Researchers who believe in the continuous-change model tend to investigate the effects of specific types of processes or content domains on the development of particular skills. One of the processes emphasized within the continuous change framework has been automatization, the movement from laborious execution of a skill or production system to execution that is smooth and without deliberation. Several studies have demonstrated that automatization can produce what seem to be developmental anomalies. When school-age children are experts in some domain, such as chess, they can perform better than adults who are not experts (Chi, 1978). More generally, many types of tasks produce no differences between the performances of children and adults (Brown et al., 1983; Goodman, 1980).
In research on specific content domains, the general question is typically how the nature of a domain affects a range of developing behaviors. For example, the nature of language, mathematics, or morality is said to produce "constraints" on the form of development in relevant behaviors (Keil, 1981; Turiel, 1977). Development in domains that involve self-monitoring, such as knowledge about one's own memory processes (metamemory), is hypothesized to have general effects on many aspects of cognitive development (Brown et al., 1983; Flavell and Wellman, 1977).
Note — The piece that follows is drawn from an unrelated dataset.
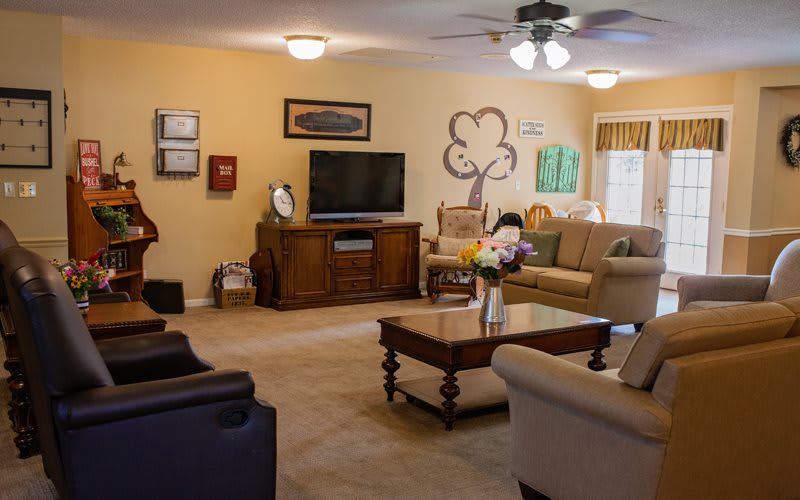 A cozy living room with sofas, a television, and a coffee table adorned with flowers.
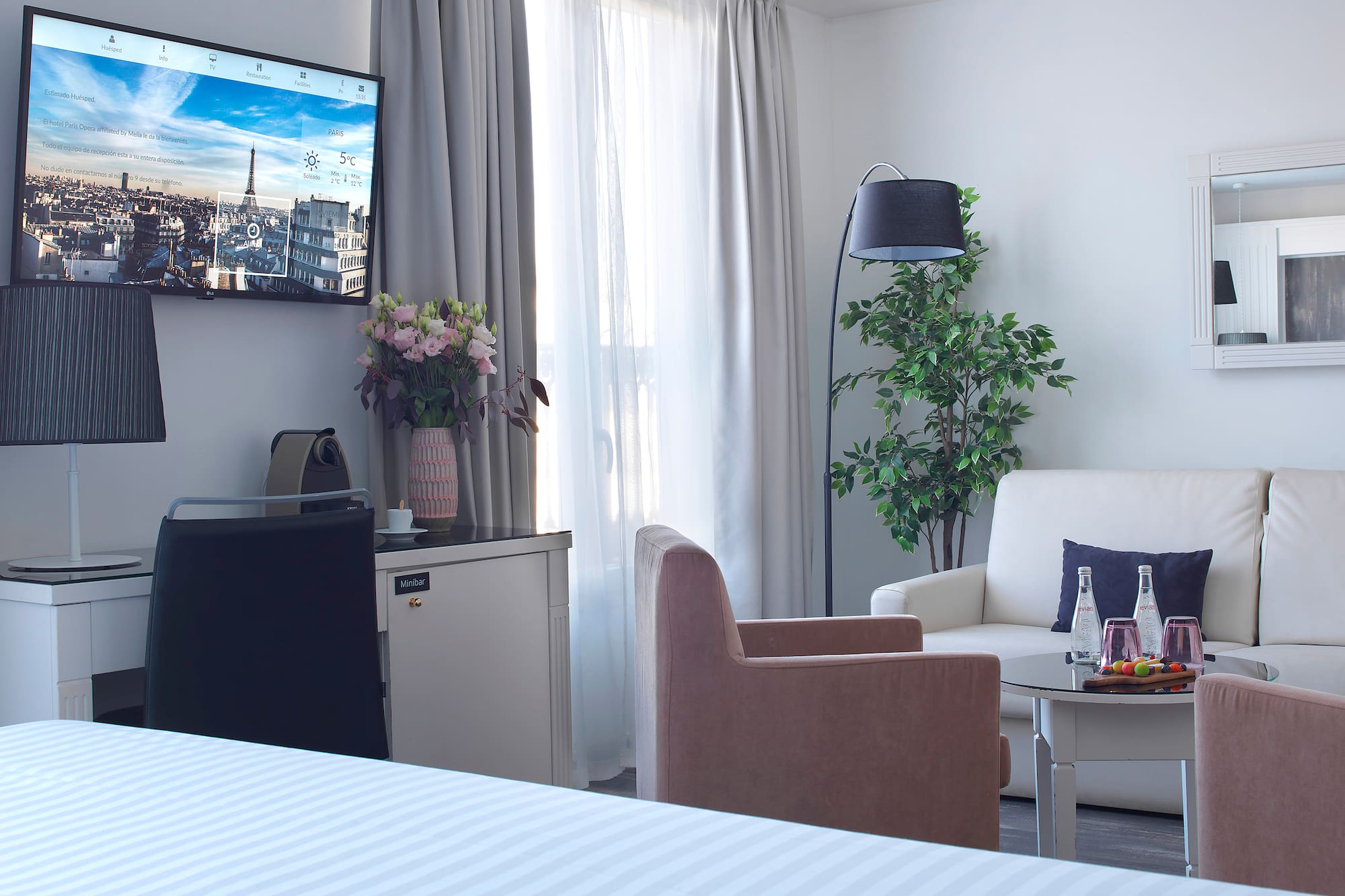 a room with a television and a tv on the wall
Within the continuous-change, functionalist framework, investigators often assume that there is some intrinsic incompatibility between general cognitive-developmental reorganizations and effects of specific domains or processes. Yet it is far from obvious that any such incompatibility exists. The process of automatization can have powerful effects on developing behaviors, and at the same time children can show general reorganizations in those behaviors (Case, 1980). The domain of mathematics can produce constraints on the types of behaviors children can demonstrate, and at the same time those behaviors can be affected by general reorganizations. The reason for the assumption of incompatibility seems to be that developmentalists view the logic and limited-memory models as incompatible with the continuous-change model.
The assumption of incompatibility between reorganization and continuous change seems to stem from the fundamental starting points of the models: The logic and short-term memory models focus primarily on the organism as the locus of developmental change, whereas the continuous models focus on environmental factors. Several recent theoretical efforts have sought to move beyond this limit of the three standard models by providing a more genuinely interactional analysis, with major roles for both organismic and environmental influences (Fischer, 1980; Halford and Wilson, 1980; Silvern, 1984). Approaches that explicitly include both organism and environment in the working constructs for explaining developmental processes may provide the most promise for future research.